[<prev] [next>] [<thread-prev] [thread-next>] [day] [month] [year] [list]
Message-ID: <20191118164101.GA7894@lst.de>
Date: Mon, 18 Nov 2019 17:41:01 +0100
From: Torsten Duwe <duwe@....de>
To: Mark Brown <broonie@...nel.org>
Cc: Liam Girdwood <lgirdwood@...il.com>, linux-kernel@...r.kernel.org,
stable@...r.kernel.org
Subject: Re: [PATCH] regulator: Defer init completion for a while after
late_initcall
On Mon, Nov 18, 2019 at 12:46:54PM +0000, Mark Brown wrote:
> On Sat, Nov 16, 2019 at 01:52:33PM +0100, Torsten Duwe wrote:
> > On Wed, 4 Sep 2019 13:42:50 +0100 Mark Brown <broonie@...nel.org> wrote:
>
> > But much later on
>
> > [ 38.248573] dcdc4: disabling
> > [ 38.268493] vcc-pd: disabling
> > [ 38.288446] vdd-edp: disabling
>
> > screen goes dark and stays dark. Use count of the regulators is 0. I guess
> > this is because the driver code had been returned the dummy instead?
>
> This is not new behaviour, all this change did was delay this. We've
> been powering off unused regulators for a bit over a decade.

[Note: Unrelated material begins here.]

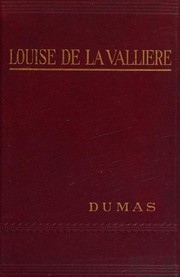 Front cover of Louise de la Vallière by Alexandre Dumas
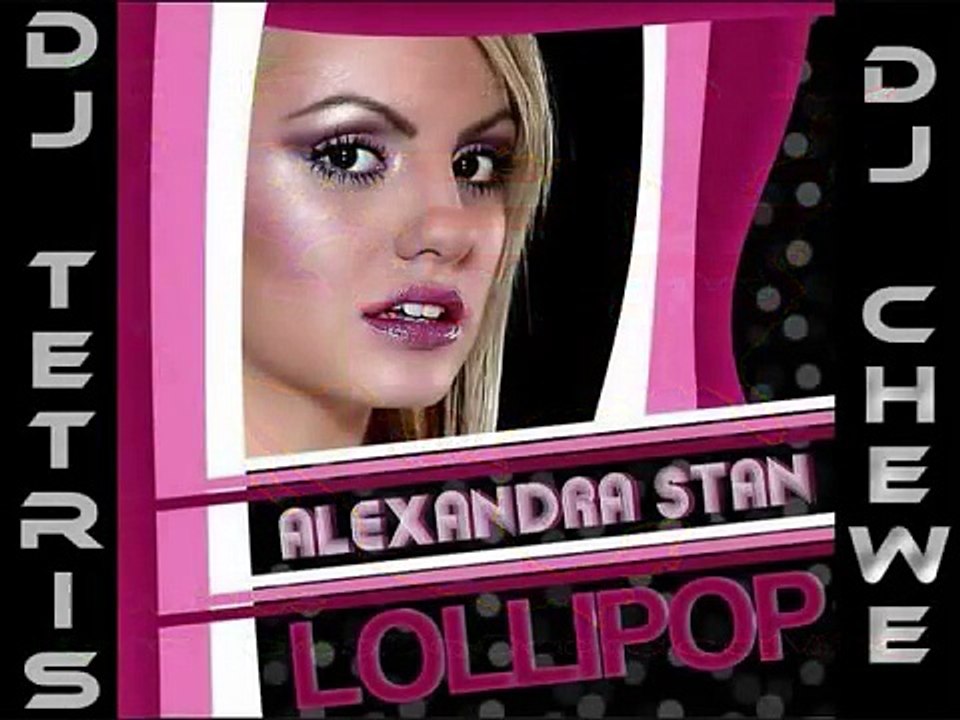 DJ Tetris & DJ Chewe - Alexandra Stan - Lollipop (Edited Version)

For me, this appeared first after upgrading from from 5.3.0-rc1 to 5.4.0-rc6.
I guess the late initcall was executed before the regulator driver module got
loaded? And now, with the 30s delay, the regulator driver is finally there?
Would that explain it?
> We power off regulators which aren't enabled by any driver and where we
> have permission from the constraints to change the state. If the
> regulator can't be powered off then it should be flagged as always-on in
> constraints, if a driver needs it the driver should be enabling the
> regulator.
How exactly? I have been looking for deficiencies in the driver, but found
devm_regulator_get() should actually do the right thing (use_count++). Is
that correct, or am I missing something?
> I don't folow what you're saying about probe deferral here at all,
> sorry.
I was worried about the regulator core handing out refs to the dummy
regulator when the requesting driver wants to change the voltages next.
I concluded the requesting device driver would have to wait until the real
regulator driver was registered. But either this somehow works or my eDP
bridge is still powered on correctly from U-Boot. What does the warning
"... using dummy regulator" mean for the caller of regulator_get()?
AFAICS the caller is then stuck with a reference to the dummy, correct?